Is now the time for regulation of the master trust market? Helen Morrissey hopes so.
The master trust market has grown massively in recent years, with some estimating there could be up to 100 providers in the market. While this means employers are certainly spoilt for choice, it also highlights the issue of how appropriate due diligence can be done on such a vast array of providers.
The situation has led some to speculate on the need for more robust regulation in this area. It was brought up when Secretary of State for Work and Pensions Stephen Crabb appeared before the Work and Pensions Committee last week.
One member urged Crabb to look at the issue to deal "with distinct concerns that in 20 years' time we will have people coming here asking government to do something because a master trust has failed."
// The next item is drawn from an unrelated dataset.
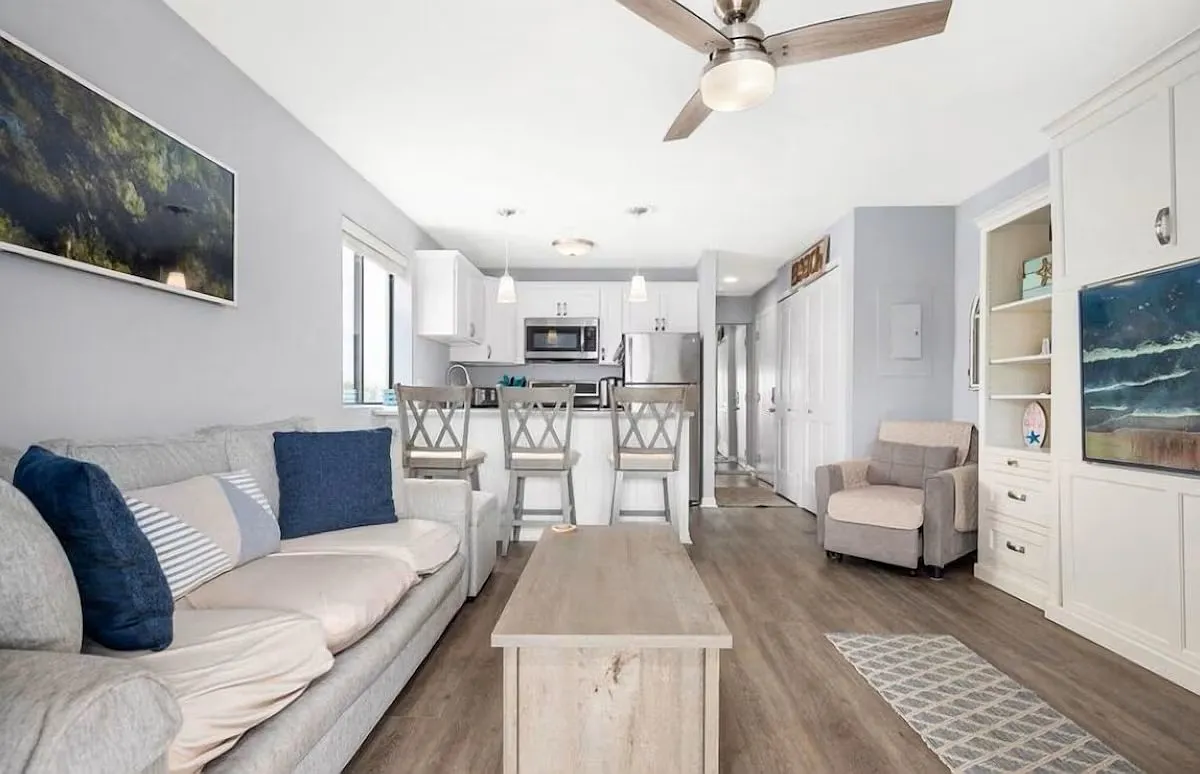 Studio, 500 sqft, $1,300 — Photo 2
The voluntary nature of the MAF means there are many providers who cannot display such high levels of governance and this is an issue that must be addressed.
Crabb did not seem overly concerned and replied that while issues may exist "around the edges" of the market, more than 90% of members are with Master Trust Assurance Framework (MAF) accredited providers.
While this is great news for those using such providers, the voluntary nature of the MAF means there are many providers who cannot display such high levels of governance and this is an issue that must be addressed.
It is to be hoped that we will see the inclusion of a pensions bill in this week's Queen's Speech to open the door for master trust regulation. This may seem strange in an industry already over-burdened with regulation but I fear that if this does not happen we put the retirement savings of many thousands of people in danger.